Dudi menambahkan, salah satu tantangan pada masa mendatang adalah membentuk kelembagaan yang efektif mengimplementasikan kebijakan AI. Lembaga ini dibutuhkan guna memastikan regulasi yang dibuat bisa diterapkan dengan baik.
Wakil Menteri Komunikasi dan Informatika Nezar Patria dalam sambutannya secara virtual mengatakan, pemanfaatan AI perlu dibarengi tata kelola yang baik. Tata kelola itu diharapkan merespons kebutuhan perlindungan konsumen dari intrusi terhadap privasi, menjamin persaingan usaha yang sehat, dan memitigasi risiko hilangnya pekerjaan yang digantikan oleh AI.
Selain itu, urgensi tata kelola AI di tingkat multilateral menjadi krusial untuk menjembatani ketimpangan akses terhadap AI antara negara maju dan berkembang. Dengan begitu, manfaat AI dapat dirasakan oleh semua orang tanpa terkecuali.
”Kementerian Kominfo telah merilis surat edaran tentang etika kecerdasan artifisial pada 19 Desember 2023. Surat edaran itu diharapkan menjadi panduan umum nilai, etika, dan tanggung jawab dalam pemanfaatan dan pengembangan AI,” ujarnya.
Kolaborasi produktif
Nezar menuturkan, untuk menghadirkan ekosistem pemanfaatan AI yang aman, pihaknya membutuhkan kolaborasi produktif dari berbagai pemangku kepentingan. Para akademisi diharapkan memberikan masukan mengenai arah pengembangan tata kelola dan regulasi AI.

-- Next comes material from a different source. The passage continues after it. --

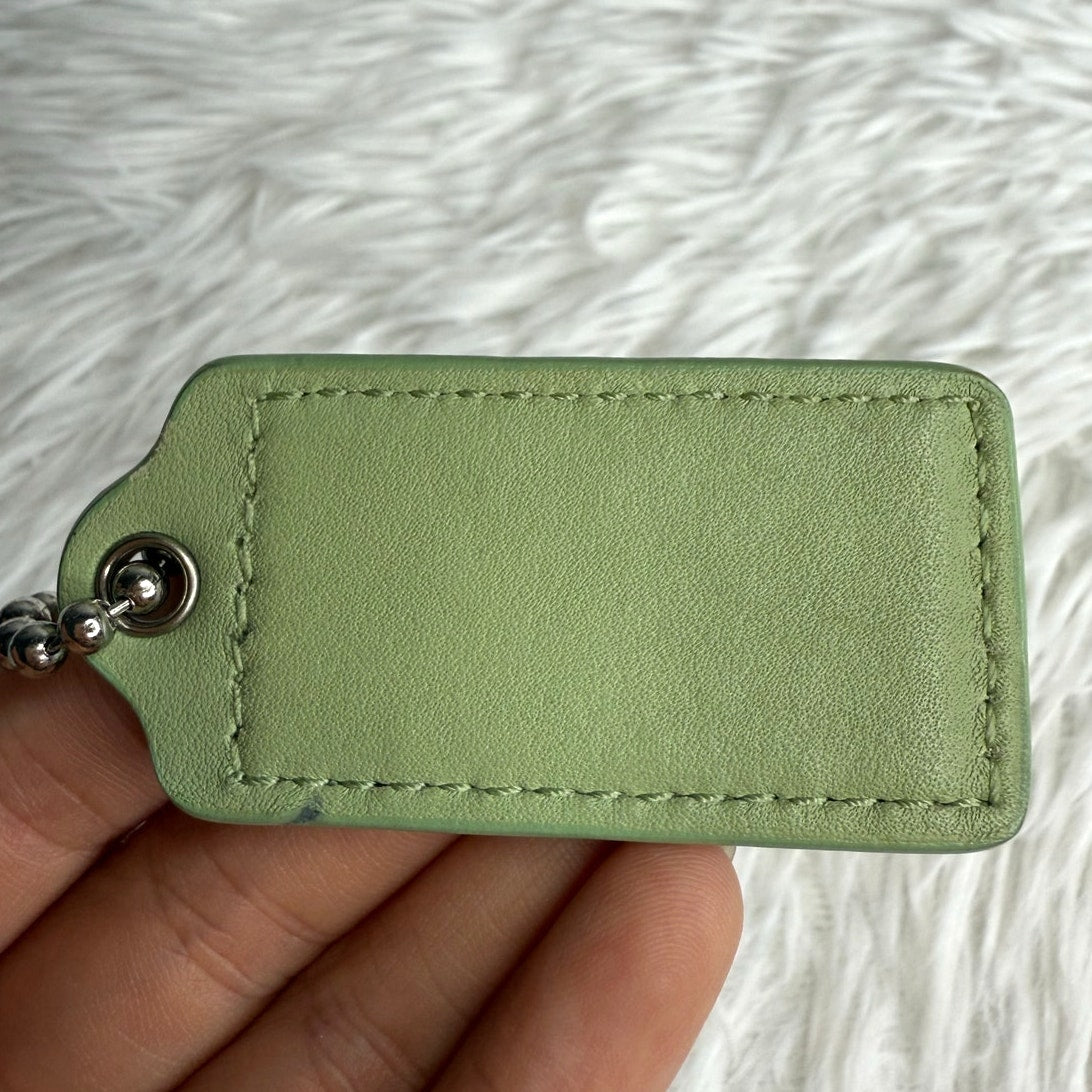 2.5" COACH Pastel Green Fob Bag Charm Hang tag Hangtag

”Alih-alih dilihat sebagai ancaman, pemanfaatan dan pengembangan teknologi AI seharusnya dapat kita upayakan untuk menghadirkan kehidupan lebih baik bagi peradaban manusia,” ujarnya.
Rektor Universitas Katolik (Unika) Atma Jaya Prof Yuda Turana mengatakan, teknologi kecerdasan artifisial akan menjadi keseharian manusia. Oleh sebab itu, Indonesia diharapkan tidak sekadar menjadi pengguna, tetapi juga mengembangkan teknologi tersebut dengan berbagai inovasi.
”Saat kita berbicara kecerdasan buatan, masalah etika dan regulasi menjadi sesuatu yang penting. Bukan untuk menghambat kreativitas dalam membuat AI yang baru, melainkan justru mengakselerasi kreativitas itu dalam rambu-rambu yang benar,” ucapnya.